I don’t know how Jose Abreu’s long and unparalleled success in Cuban baseball will translate to Major League Baseball. I don’t know if he will join the lineage of Paul Konerko, Frank Thomas and so many other bat-first studs throughout White Sox history, or fall fairly flat, the way most of the team’s recent additions have done.

Either way, though, the news Thursday night of Chicago having signed Abreu for $68 million and six seasons is good news for White Sox fans. At the very least, it demonstrastes that the front office knows what the path forward from here looks like.

The White Sox had the worst offense in the American League in 2013, with a .240 True Average, per Baseball Prospectus. In fact, in the 60-plus years for which Prospectus has that statistic, only six teams have had lower TAv figures, and only two of those came in 162-game seasons. The Sox had the AL’s worst walk rate, and finished 13th of 15 in home runs, despite playing in homer-friendly U.S. Cellular Field. They didn’t do anything, at all, well.

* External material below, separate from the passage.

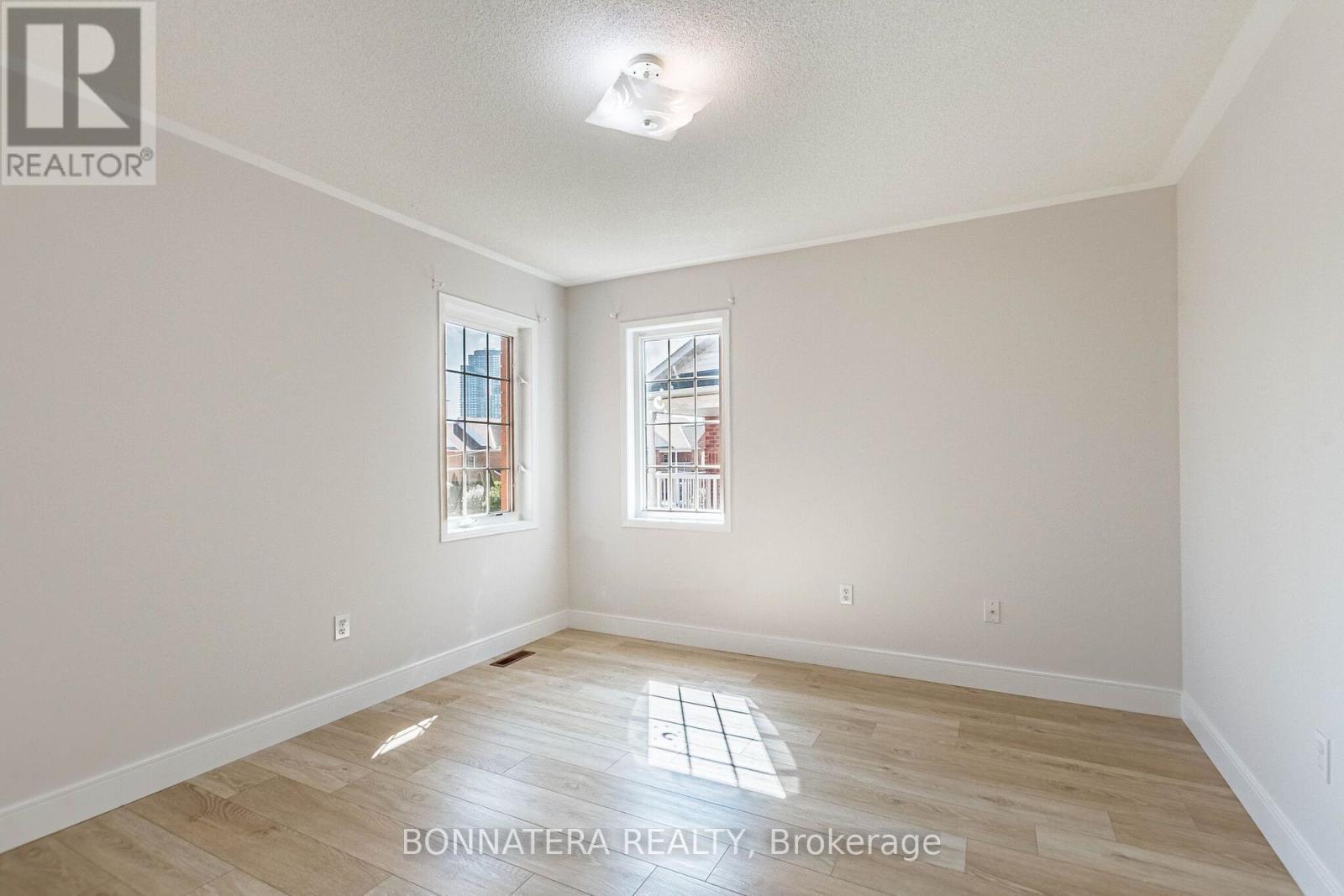 4297 Guildwood Way, Mississauga, ON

Abreu addresses that. The amount they’re paying him (it nearly doubles what Yoenis Cespedes got at the same age when he defected prior to 2012) certainly bets on him bringing the majority of his offensive skills to bear against a higher level of competition, but whether he gets there or not, he adds something to that feeble lineup.

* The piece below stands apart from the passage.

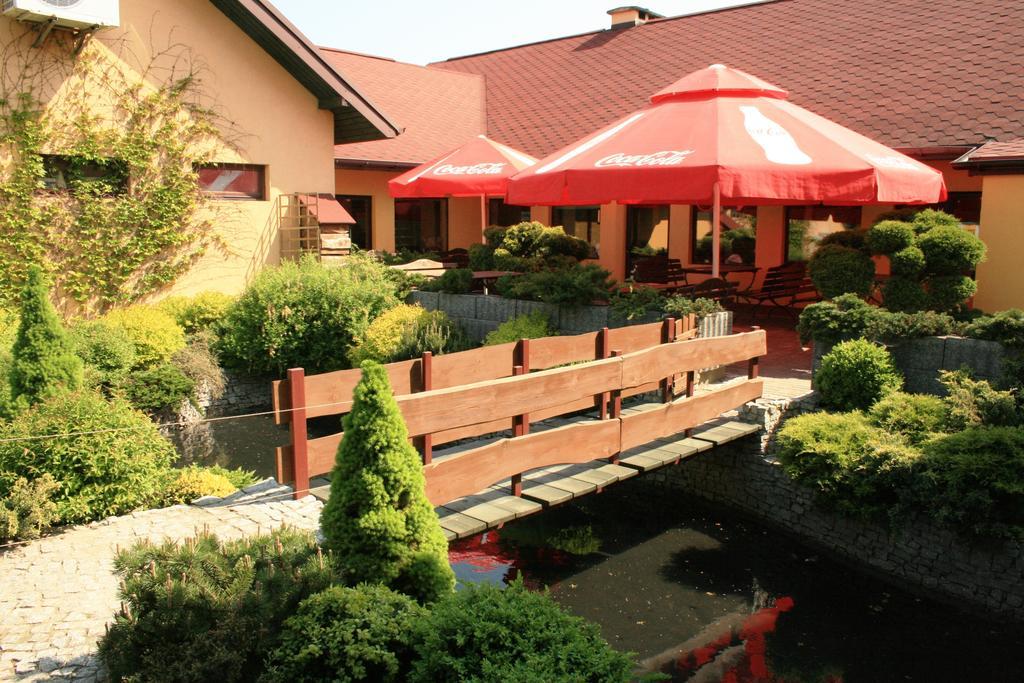 Hotel Kuznia Oberza Polska Лисомице Екстериор снимка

He’s also the right sort of signing for Chicago, in that despite presumed top-end talent, he didn’t cost them a draft pick. Any similar big-league signing would have cost them their second-round pick in 2014. Trading for a player like him would have meant further thinning an already too-thin farm system.

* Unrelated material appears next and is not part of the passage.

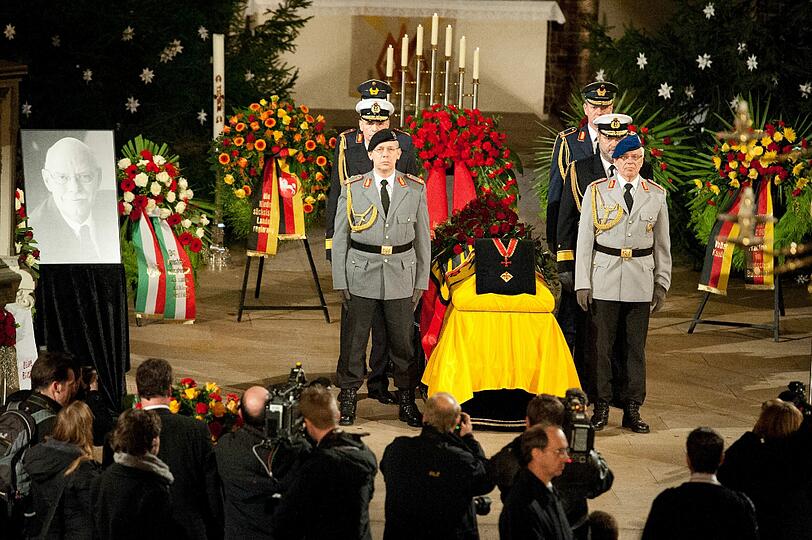 Trauerfeier in Uelzen für Peter Struck - die Bilder aus der St. Marien-Kirche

That’s the point. Abreu is a big bat, probably, but getting him doesn’t slow Chicago down as it goes about the business of rebuilding. The Sox are a bad team, even with Abreu. The last thing they needed to do was lunge after a big improvement that will not materialize in 2014, giving up long-term assets in the process. It’s excruciatingly difficult to project players who have never played American pro ball before. It’s easy, though, to call this a win for the Sox.